Конечно, приходится вновь напомнить: это литературный памятник, то есть та разновидность исторического источника, в которой точность фактов, включая точность всякого рода приведенной цифири, — не на высоте. Яркие образы, пафос, христианская мораль гораздо важнее для автора, нежели низкие приметы жизни земной. Так что пользоваться данными приведенного выше перечисления можно с оговоркой: их точность под вопросом. Даже с точки зрения обыденного здравого смысла они выглядят сомнительно: слишком уж много круглых цифр… Да и подсчет урона в «младших дружинниках» выводит на цифру, принадлежащую полю чистого фэнтези: 253 тысячи воинов. Потери подобного уровня в мировой истории войн появляются не ранее фронтовых операций Первой мировой войны и станут обыденностью лишь в годы Второй мировой.
Но, допустим, хотя бы счет «бояр» принимается на веру и признается отчасти соответствующим реальным потерям русского воинства. Суммируем: 543 боярина.

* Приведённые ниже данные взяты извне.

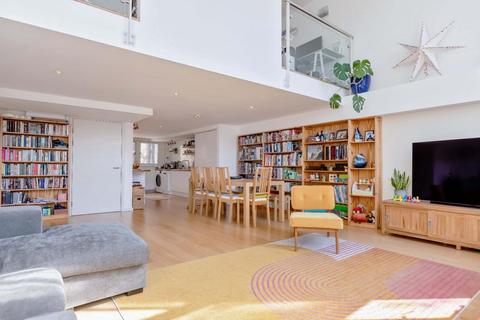 3 bedroom maisonette for sale, Richmond Terrace, Brighton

Разумеется, если соотносить с эпохой Московского царства, то опять получится фэнтези. До периода первых Романовых в боярах одновременно ходило человек десять — чуть меньше, чуть больше, но никаких 40 бояр столица России не знала. Соответственно, 60 бояр из Звенигорода и 70 бояр из Можайска — это столь же фантастично, как если бы у современной России кто-либо обнаружил боевой флот из 70 звездолетов. Но если видеть в боярах XIV века младший командный состав, то есть военачальников уровня десятника или нечто в этом роде (сержантов, прапорщиков, лейтенантов, переводя в современную терминологию), то цифирь выглядит уже несколько более правдоподобно. Мог ли выставить Можайск 700 ратников? Если считать одну лишь дружину удельно-княжескую, то вряд ли (700 дружинников — это целая армия среднеевропейского небольшого государства), а вот вместе с «охотниками»-добровольцами, возможно, и был способен.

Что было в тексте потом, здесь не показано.